PROMPT >> All of the data is to be set down again without alteration.

*** DATASET EXCERPT ***

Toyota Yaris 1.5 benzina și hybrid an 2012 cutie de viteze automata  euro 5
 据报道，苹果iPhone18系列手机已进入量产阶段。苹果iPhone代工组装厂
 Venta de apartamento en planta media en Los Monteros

*** End of DATASET EXCERPT ***

RESULT FOR THIS TASK >>
Toyota Yaris 1.5 benzina și hybrid an 2012 cutie de viteze automata  euro 5
 据报道，苹果iPhone18系列手机已进入量产阶段。苹果iPhone代工组装厂
 Venta de apartamento en planta media en Los Monteros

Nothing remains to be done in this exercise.